Father Bill East obituary

Father Bill East was an expert Latinist and contributed to a new translation of the Catholic Missal
Father Bill East was an expert Latinist and contributed to a new translation of the Catholic Missal Photograph: HANDOUT

My friend Bill East, who has died aged 72, was a teacher who became first an Anglican vicar and then a Catholic priest. He excelled as a Latinist and made a substantial contribution to a new translation of the Catholic Missal, the book of prayers and instructions for mass.

Bill was born in Maidenhead to Albert “Gordon” East, and Catherine (nee Kinder), both of whom worked on fairgrounds in London and the south-east.

He attended Reading school and then studied English at Keble College, Oxford, graduating in 1969. That year he also married Betty Parkhurst, whom he had met at a Shakespeare summer school in Stratford-on-Avon. Bill then went to Yale University, where he gained an MPhil and a DPhil in medieval studies.

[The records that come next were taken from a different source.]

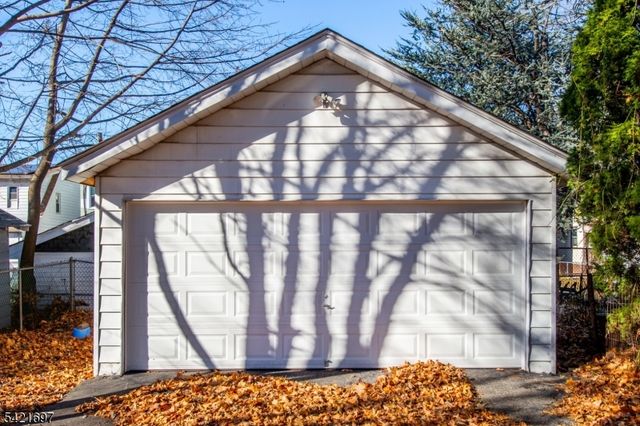 105 Coolidge St, Irvington Twp., NJ 07111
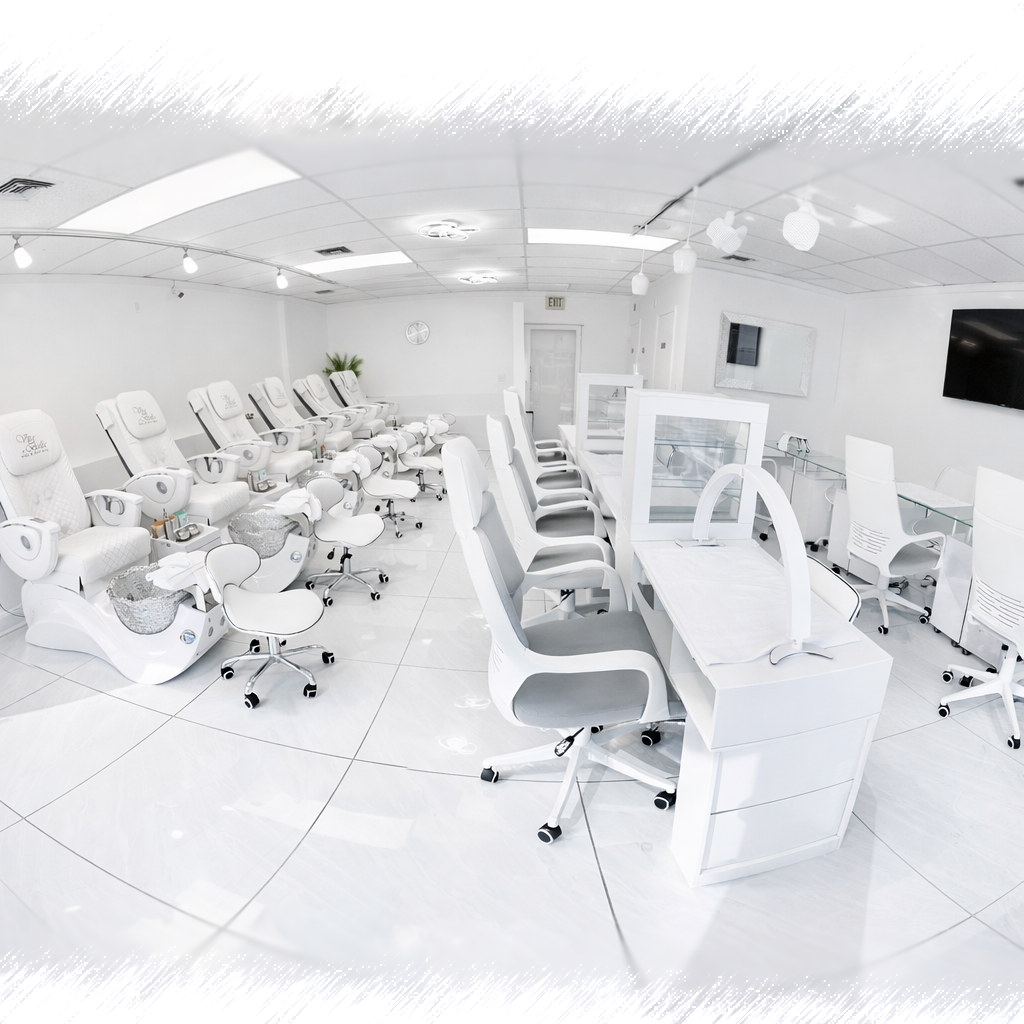 Vita E' Bella Nail & Day Spa in West Palm Beach, FL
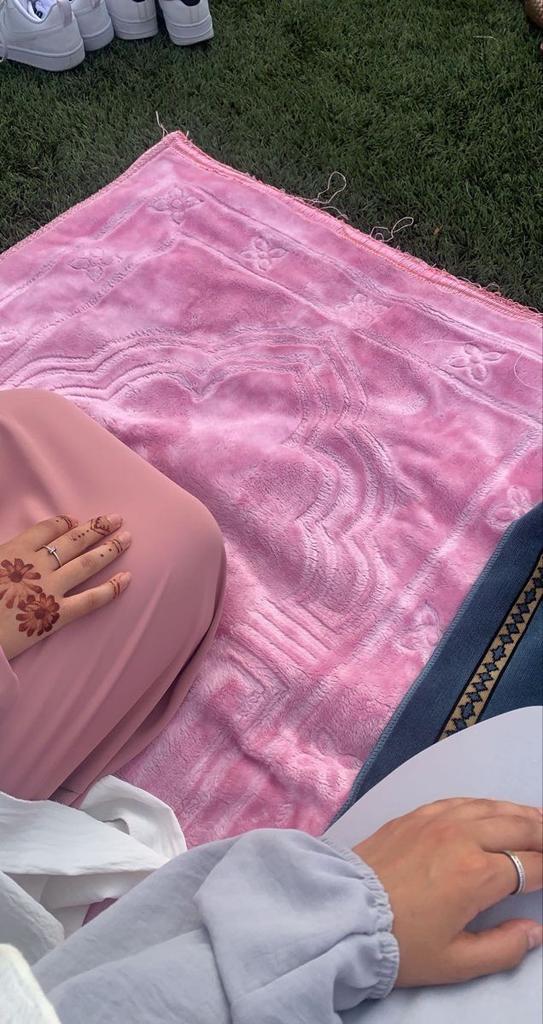 Sujood a love story no one will understand except Those you pray.
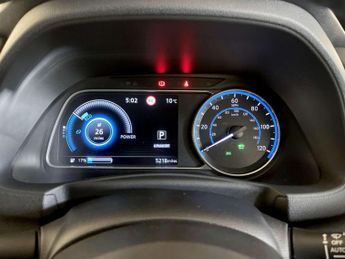 Nissan Leaf 40kWh N-Connecta Hatchback 5dr Electric Auto (150 ps)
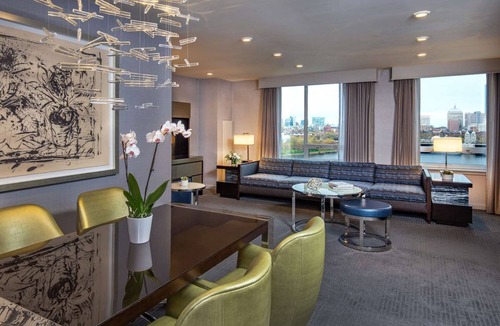 East Cambridge Hotel | Cozy Room w/Charles River & Boston Skyline Views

Bill’s first career was as a teacher in the English department at University College Cork (1972-76), where he delivered highly popular lectures on Chaucer and introduced the study of Old Norse.

Then he decided to train for the Anglican ministry and returned to Oxford, to St Stephen’s House. He was ordained in 1979 and spent 11 years serving at St Luke’s parish church in Pallion, Sunderland. In 1994 Bill and Betty were both received into the Catholic Church. Having been ordained at Our Lady’s in Acomb, York, Bill served in the parish until 2000, when he moved to St Joseph’s in Pickering, staying there for 19 years.

I met Bill in 1971, in the office of our common mentor, Malcolm Parkes, at Keble College, Oxford, and we became firm friends, united by a love of medieval culture and much else.

Bill wrote two student guides to Chaucer: Chaucer’s Franklin’s Tale (1980) and Chaucer’s Wife of Bath’s Prologue and Tale (1981), and three books of homilies on the Gospels. He also wrote many humorous poems for his friends, in the styles of authors from Chaucer to Milton.

He was an ardent member of the Walsingham Association, which encourages pilgrimages to the Marian shrine in Norfolk. And from 2003 to 2011 he helped the International Commission on English in the Liturgy with its new translation of the Missal, receiving praise from the ICEL’s executive director, Monsignor Andrew Wadsworth, for his ease of style and accuracy.

Bill retired in 2018, leaving Pickering to live in York, where he named his home Iona House.

He is survived by Betty, his sons, James and Charles, his granddaughter, Sophie, and his brother John.